Problem description
Without any of the pictures, set down the data below exactly.
━━━━━ Data shown
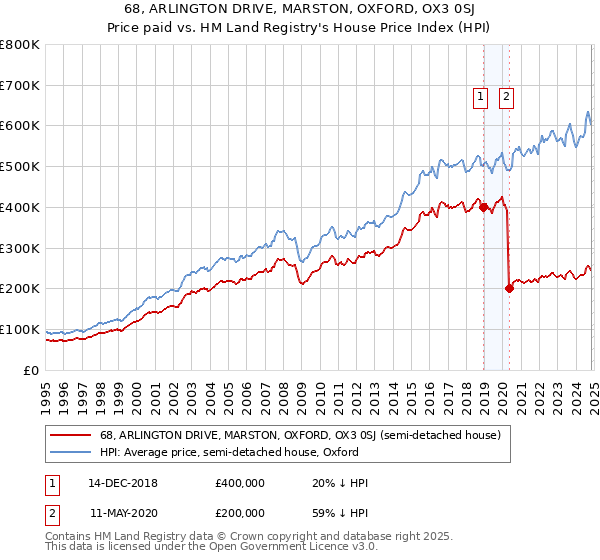 68, ARLINGTON DRIVE, MARSTON, OXFORD, OX3 0SJ: Price paid vs HM Land Registry's House Price Index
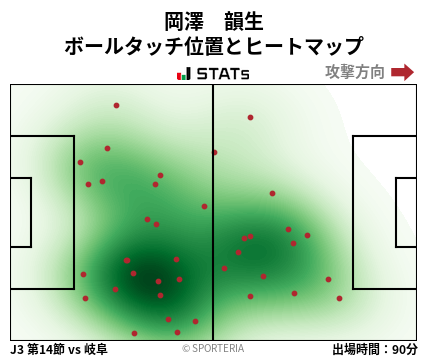 ヒートマップ - 岡澤　韻生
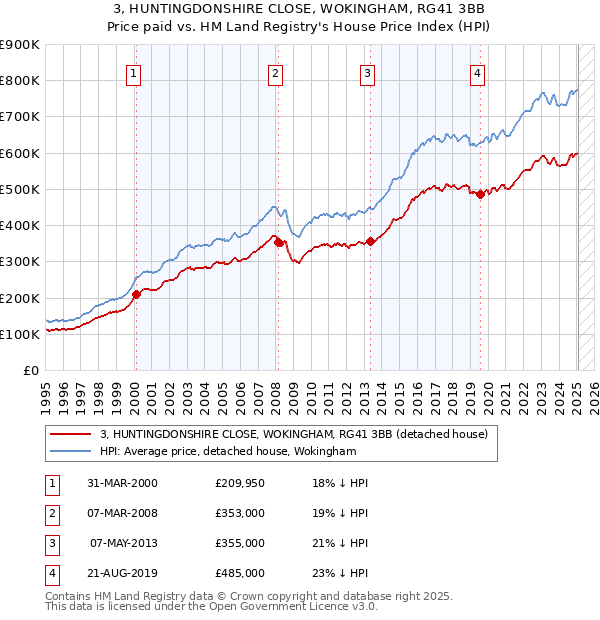 3, HUNTINGDONSHIRE CLOSE, WOKINGHAM, RG41 3BB: Price paid vs HM Land Registry's House Price Index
━━━━━━━━━━
Written response
 68, ARLINGTON DRIVE, MARSTON, OXFORD, OX3 0SJ: Price paid vs HM Land Registry's House Price Index
 ヒートマップ - 岡澤　韻生
 3, HUNTINGDONSHIRE CLOSE, WOKINGHAM, RG41 3BB: Price paid vs HM Land Registry's House Price Index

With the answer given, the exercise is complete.